::: Supplied records :::

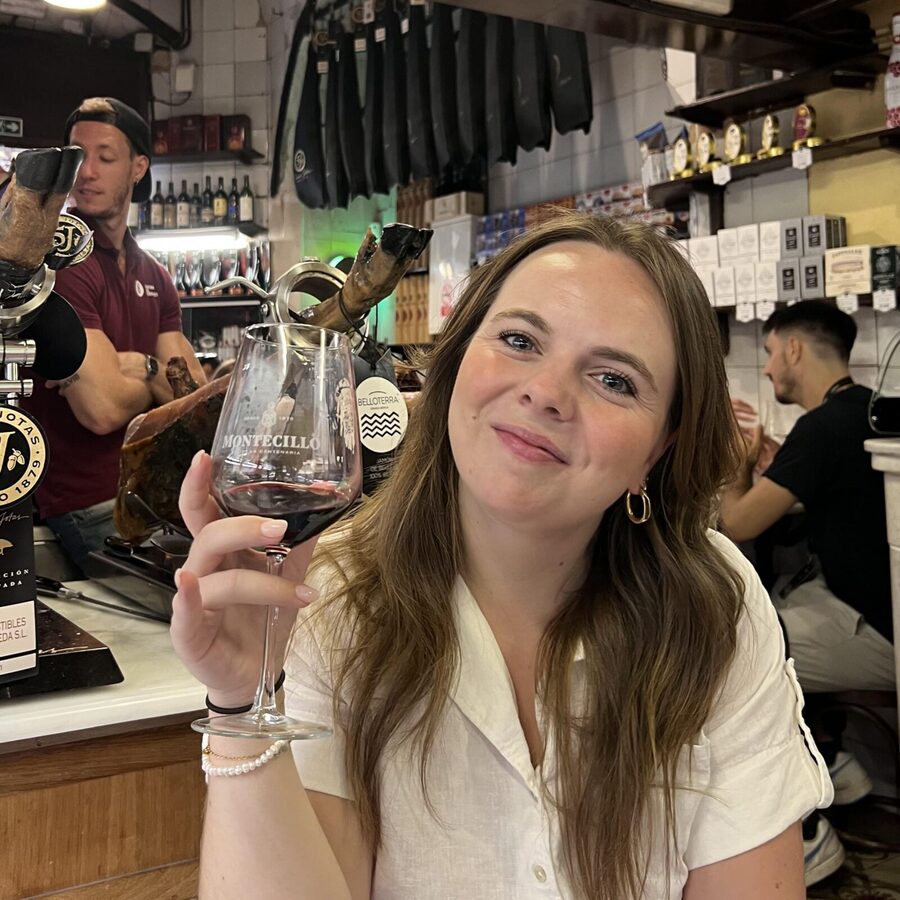 Barcelona: El Born and Gothic Quarter Wine & Tapas Bar Tour - Starting in the Gothic Quarter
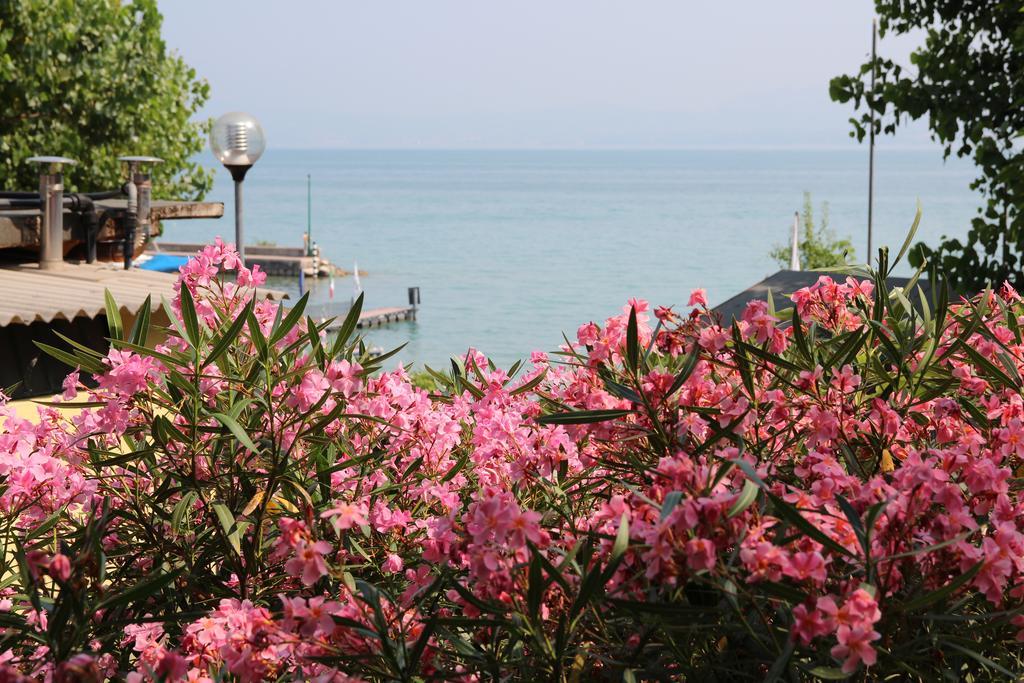 San Benedetto Camping Relais Peschiera del Garda Exterior photo
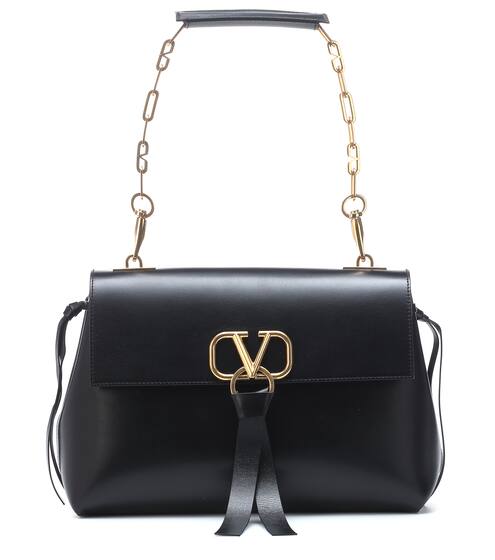 حقيبة للكتف من الجلد Valentino Garavani Vee Ring Medium | Valentino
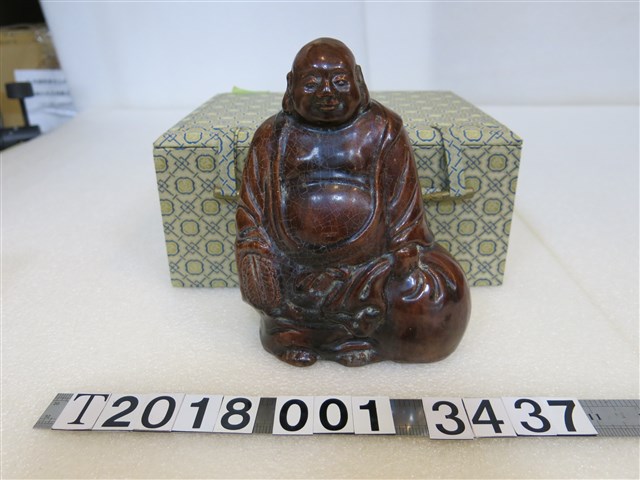 陶製臺灣南投布袋和尚像 (共1張)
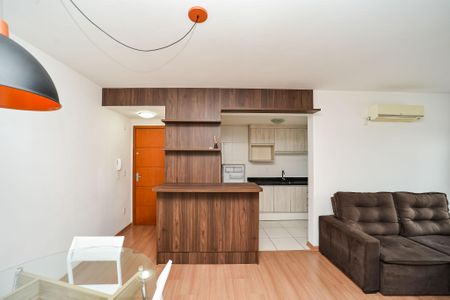 Apartamento à venda com 66m², 2 quartos e 1 vagaSala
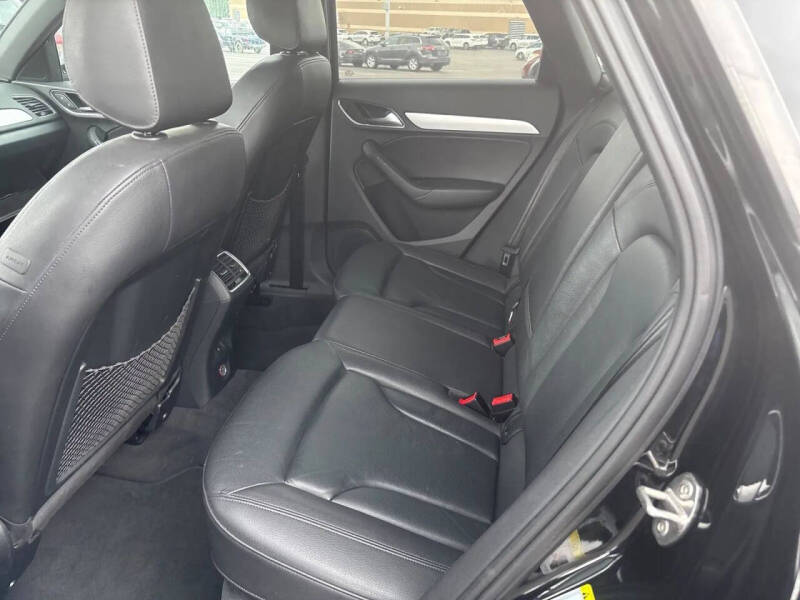2016 Audi Q3 2.0T Premium Plus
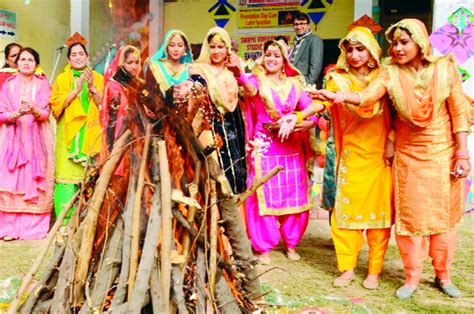 Lohri : A fading folk festival - Jammu Kashmir Latest News | Tourism ...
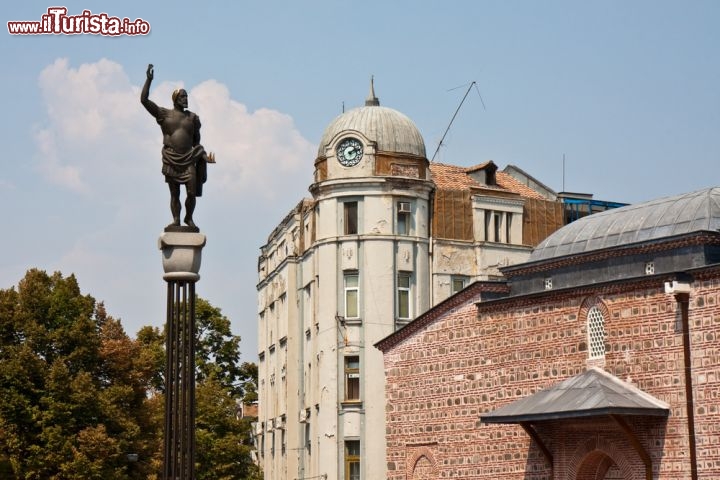 Immagine Statua nel cuore di Plovdiv cittò storica della Bulgaria una delle più antiche d'Europa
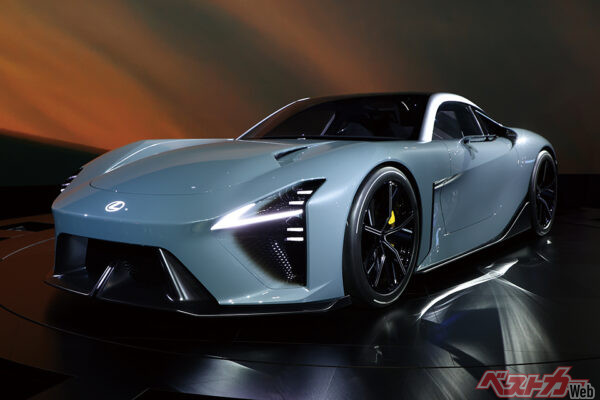 レクサス スポーツコンセプト。ロングノーズのプロポーションは古典的ながら、やはりカッコいい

:::

- Exercise requirements
Return nothing except the lines from the line with "陶製臺灣南投布袋和尚像 (共1張)" through the last line of the records above, copied exactly and without pictures.

- Result of this exercise
 陶製臺灣南投布袋和尚像 (共1張)
 Apartamento à venda com 66m², 2 quartos e 1 vagaSala
2016 Audi Q3 2.0T Premium Plus
 Lohri : A fading folk festival - Jammu Kashmir Latest News | Tourism ...
 Immagine Statua nel cuore di Plovdiv cittò storica della Bulgaria una delle più antiche d'Europa
 レクサス スポーツコンセプト。ロングノーズのプロポーションは古典的ながら、やはりカッコいい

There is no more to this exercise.